Real estate investment trusts are generally considered income investments because they have tax benefits that require them to distribute the majority of their profits to shareholders through dividends. Any investor would be concerned about a potential dividend cut, which could cause the company’s share price to plummet. Here’s a screener of REITs that appear to be well-positioned to maintain or grow their dividends.
In the REIT industry, funds from operations (FFO) are often used to measure a company’s cash available for dividend distributions. This is a non-GAAP measure that adds depreciation and amortization back to earnings while subtracting proceeds from property sales.
Adjusted funds from operations (AFFO) takes this concept a step further by subtracting the cost of maintaining the REIT’s rental properties.
So if we divide the REIT’s annual AFFO by its share price, we get the AFFO yield, which we can compare to the REIT’s dividend yield to see if there’s room for more than the dividend yield. This can give investors comfort that the REIT can at least maintain its dividend and hopefully grow its payouts over time.
There are two broad categories of REITs. Equity REITs develop or own properties for rent or sale. Mortgage REITs invest in mortgage-backed securities or issue mortgage loans. Some REITs operate in both camps.
A pure-play mortgage REIT would not have an estimated AFFO figure because it does not spend money to maintain investment properties.
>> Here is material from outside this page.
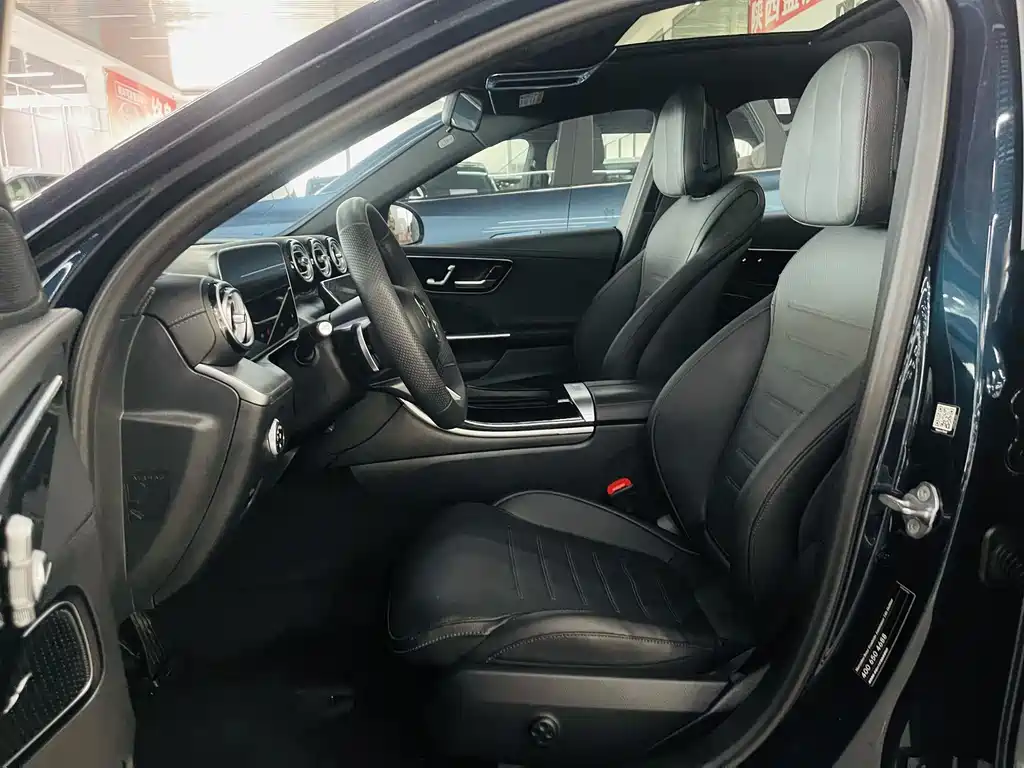 Mercedes-Benz C-Class 2022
This screen focuses on Equity REITs.
To delve deeper into the industry, we started with the 174 REITs in the Russell 3000 Index RUA, which itself aims to capture 98% of the market share of U.S. exchange-listed stocks.
Of the REITs surveyed by FactSet, 108 are covered by at least five brokerage and research firm analysts and for which consensus 2026 AFFO forecasts are available.
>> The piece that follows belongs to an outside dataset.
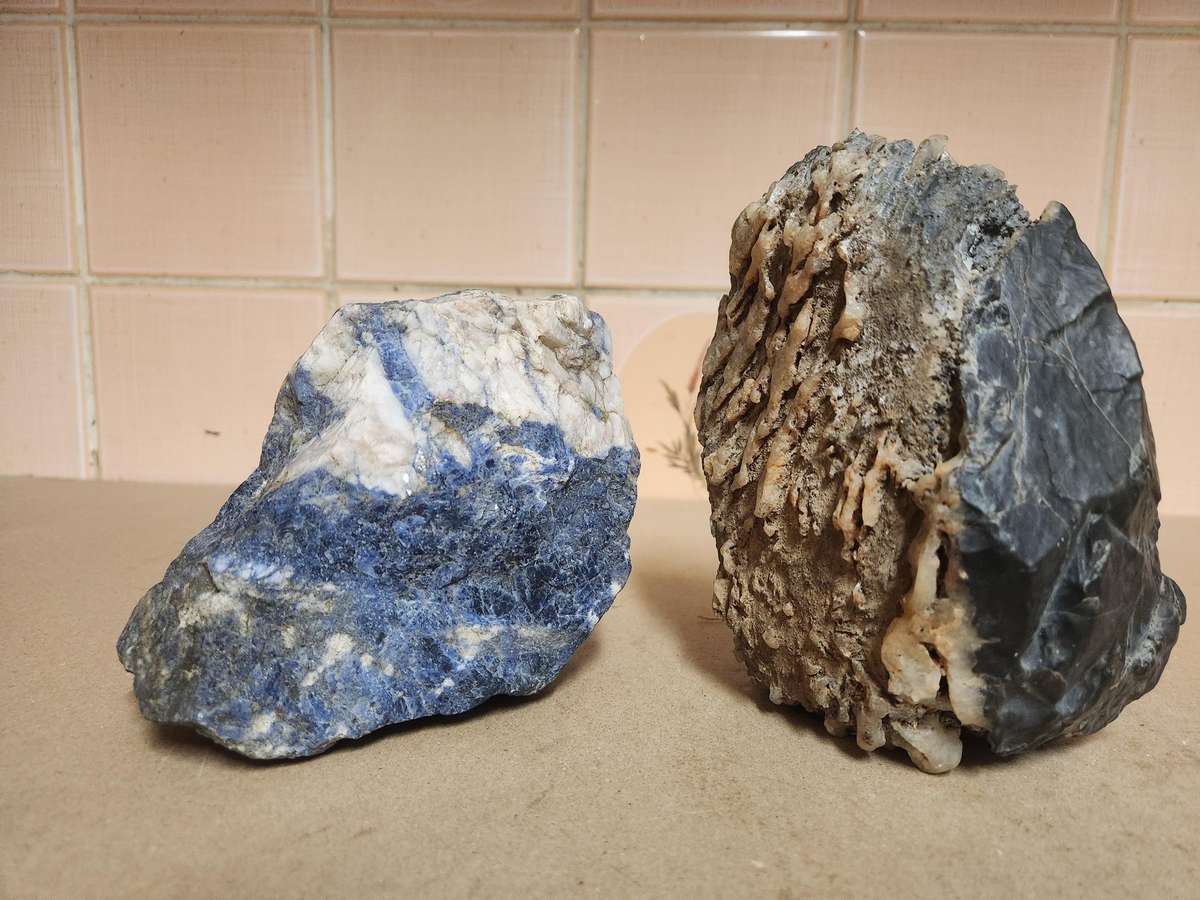 TWO STUNNING RAW MINERAL GEOLOGICAL SPECIMENS, SODALITE AND UNKNOWN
Of these 108 companies, 86 have an AFFO headroom of at least 1.00%, based on current dividend yields and consensus 2026 AFFO estimates.
There are two further tests, according to the advice of Lewis Altfest, CEO of Altfest Personal Wealth Management in New York, who warned MarketWatch in a previous interview that if a stock has a very high dividend yield, “there’s going to be problems.” High yields mean lower share prices, and investors anticipate dividend cuts as they shy away from them.